La fantascienza e le tematiche ambientaliste.

La sf ha capito, più o meno all'epoca in cui lo capivano tutti, ma con più civetteria, che il mondo rischiava di esplodere per l'insensata pressione esercitata sull'ambiente dalla nostra specie. Perché colpevolizzarsi, del resto? Se le termiti avessero un civiltà appena appena tecnologica, e potessero fare di testa loro, distruggerebbero la Terra più rapidamente di noi.

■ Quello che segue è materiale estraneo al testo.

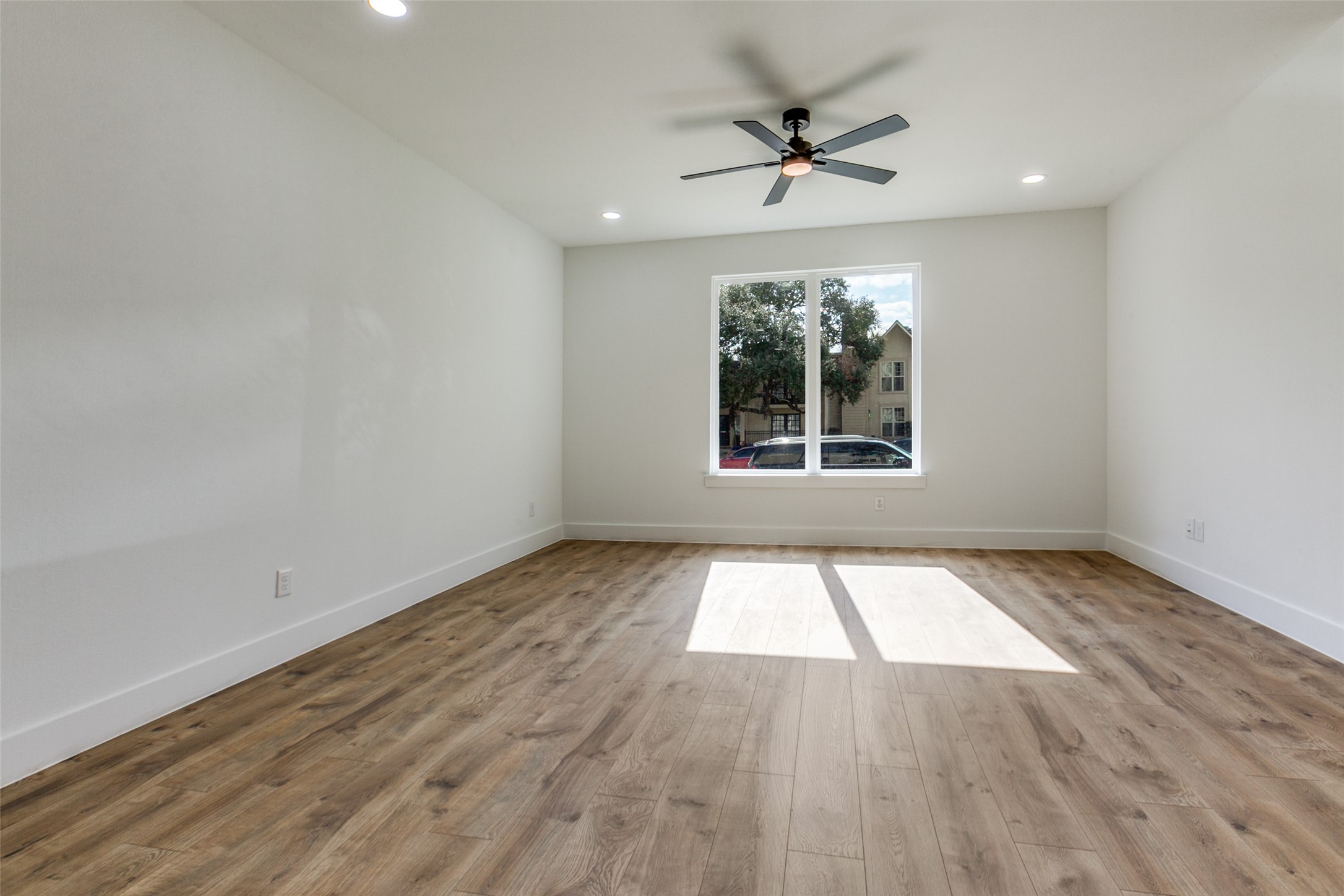9475 Timberleaf Drive Dallas TX 75243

Bradbury disse: "I'm not trying to predict the future, I'm just doing my best to prevent it". Qual è il peso della letteratura fantascientifica nella trasformazione della società? Deve accontentarsi di "prevedere" o può modificare il corso della storia in modo da "prevenire"? O, ancora, può vantare una capacità di trasformare radicalmente le cose?

Assolutamente no. La fantascienza è una branca, se pur speciale, della letteratura, e la letteratura non esiste quasi più: l'unico scrittore riconosciuto, oggi, è il professionista che pubblica tot romanzi all'anno, mentre non è più concepibile alzarsi la mattina, o tornare a casa la sera, e scrivere soltanto per il proprio piacere/dispiacere, senza altre ambizioni. Non è più ammesso il dilettante, insomma: il mondo meccanizzato ed efficiente non sa che farsene. Tornando alla fantascienza, che del tutto venale non è, essa non può cambiare niente, ma può dare l'impression di farlo: è questo che le si chiede, in definitiva. Quanto a Bradbury, è un pasticcione. Evitare il futuro? Prevenirlo? Be', guarda che fine ha fatto la sua America rurale, il suo Midwest incantato: era già morto nel 1945, quando lui cominciava a scrivere sul serio, e i suoi primi racconti ne erano l'accettabile eulogia. Ma adesso...

Ci sono autori, nel campo della fantascienza (non necessariamente letteraria) che hanno avuto problemi o difficoltà nel rapporto con il potere, politico o economico che sia?

In Russia credo di sì, altrove molto meno. Ma naturalmente, essere poveri in canna in America vuol dire aver problemi con il potere economico, no? Be', questo è capitato a qualcuno.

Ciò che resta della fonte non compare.